Good Question: Why Are People Required To Pay For Unwanted Health Coverage?
MINNEAPOLIS (WCCO) -- Under the new Affordable Care Act, the health plans of almost 140,000 Minnesotans don't comply with the new law. That's because many lower-premium plans don't include benefits like maternity, mental health coverage or prescription drugs that will now be required.
Across the country, that means millions of people's policies will be cancelled while others might have to pay higher premiums.
In Minnesota, insurance companies can't cancel existing plans, but tens of thousands of people will have to change their coverage. Many of them will be able to find cheaper, new health insurance through MNSure with federal subsidies, but others will not.
It's the idea of changes to existing plans that has many people rankled.
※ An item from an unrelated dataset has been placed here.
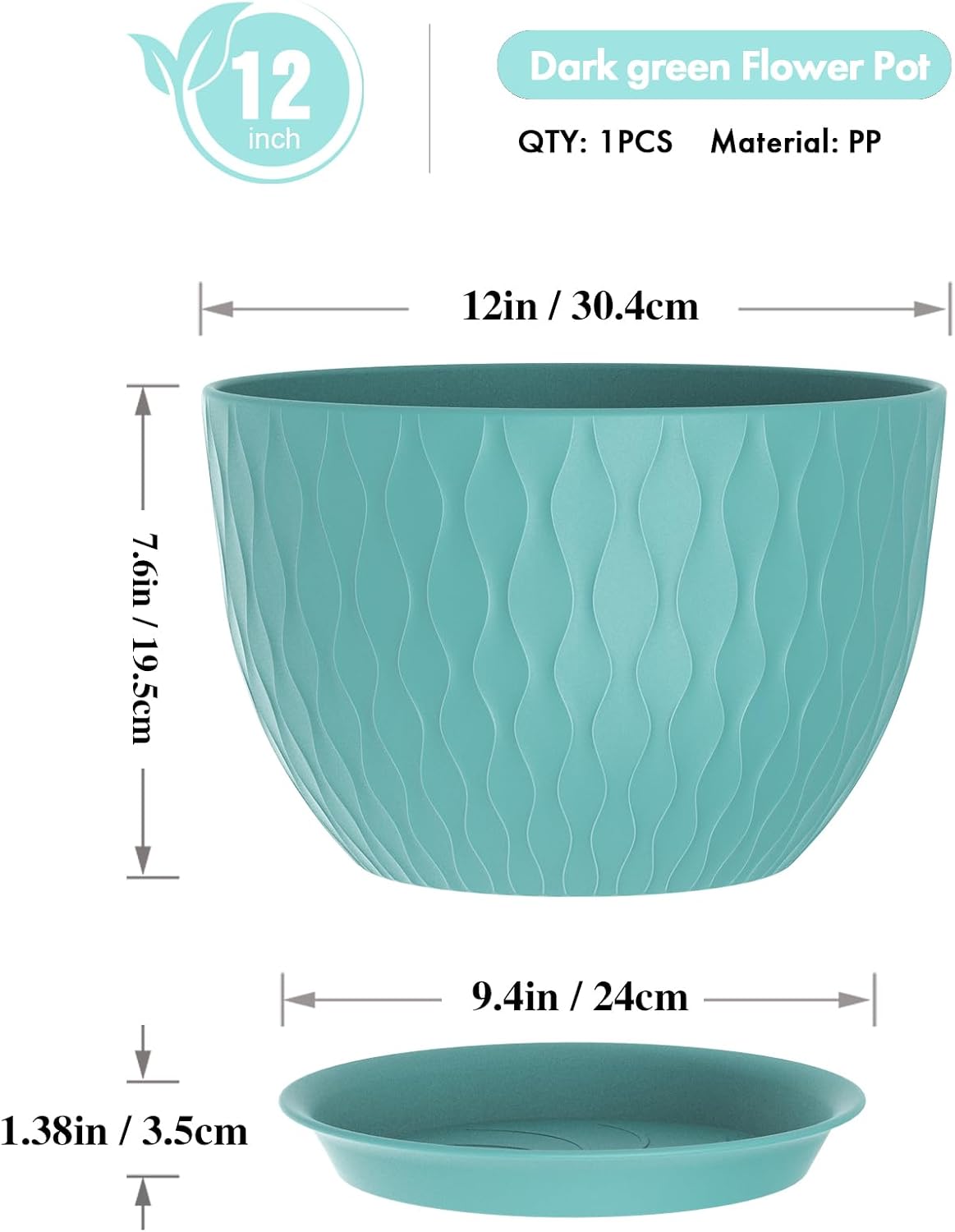 WSMKSZ 12 Inch Large Plant Pots for Indoor or Outdoor Plants, Wide Water Ripples Flower Pots with Drainage Holes &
It had us wondering: Why are people required to pay for health coverage they don't want or need?
"One of the principles of the Affordable Care Act is that everybody has good insurance," said Dan McLaughlin, director of the Center for Health and Medical Affairs at the University of St. Thomas. "When you start pulling apart the insurance, all of the sudden you have inadequate insurance."
McLaughlin says the idea behind health insurance is to spread the risk. People who are healthy subsidize people who are sick.
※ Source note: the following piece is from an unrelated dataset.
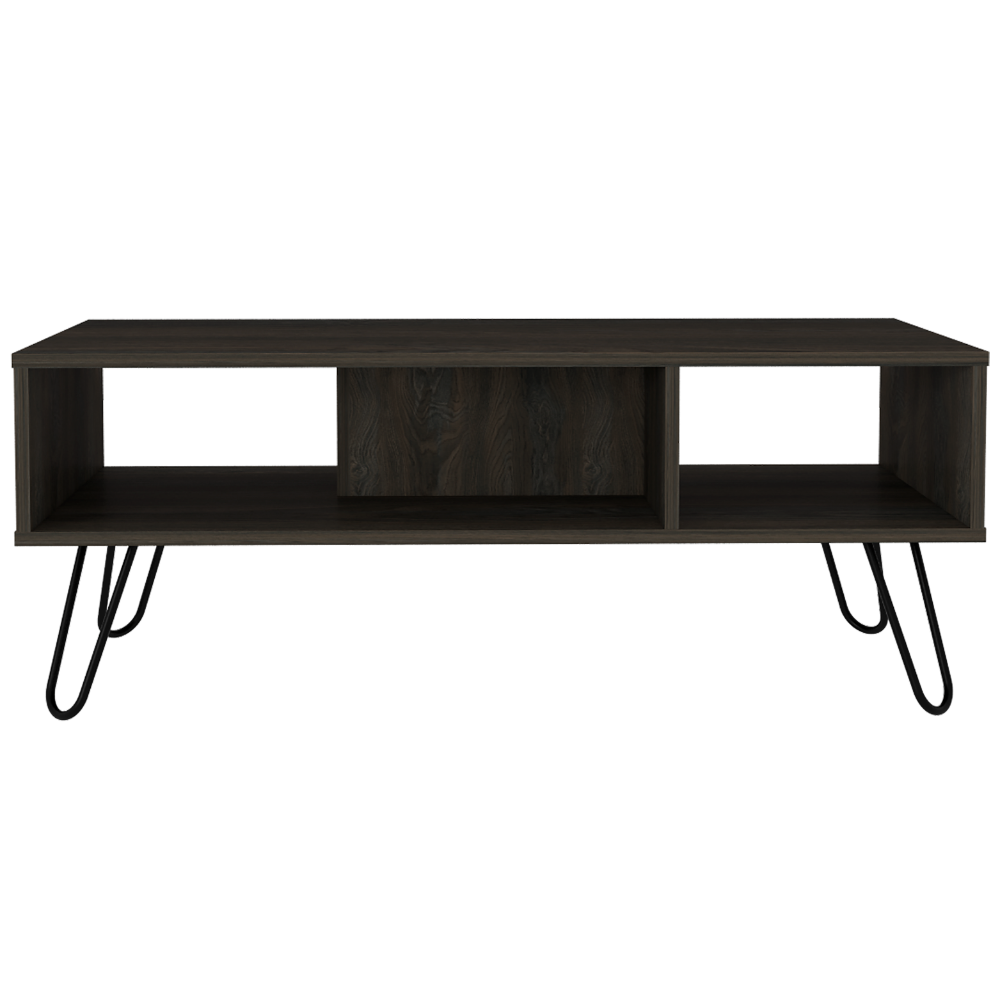 Coffee Table, Four Legs, Two Shelves, Espresso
"A lot people who bought policies didn't have mental health coverage, then they had terrible mental health episodes and got into serious financial trouble," he said.
The Affordable Care Act requires 10 essential health benefits: outpatient care, emergency visits, hospitalizations/surgeries, pediatric care, mental health, prescription drugs, rehab services, labwork, preventative/wellness services, and maternity care.
Some have questioned why a man would be required to have maternity care when he'll never be pregnant. McLaughlin says that gets to be a slippery slope that gets away from the risk pool.
"You could pick out all of these diseases. I don't think I like this one, let's not do that one," said McLaughlin. "For example, if you're a woman, you could say I don't want coverage for prostate cancer because that doesn't afflict women."
For many years, women also paid higher premiums due to maternity care.
"I think the Affordable Care Act is trying to even that out," McLaughlin said.
Dr. Stephen Parente, a health finance professor at the Carlson School of Management, estimates about 20 percent of people who need new policies will see increased premiums.
Others, who are eligible for federal subsidies and buy new insurance policies through MNSure, will likely see the cost of their policies decrease.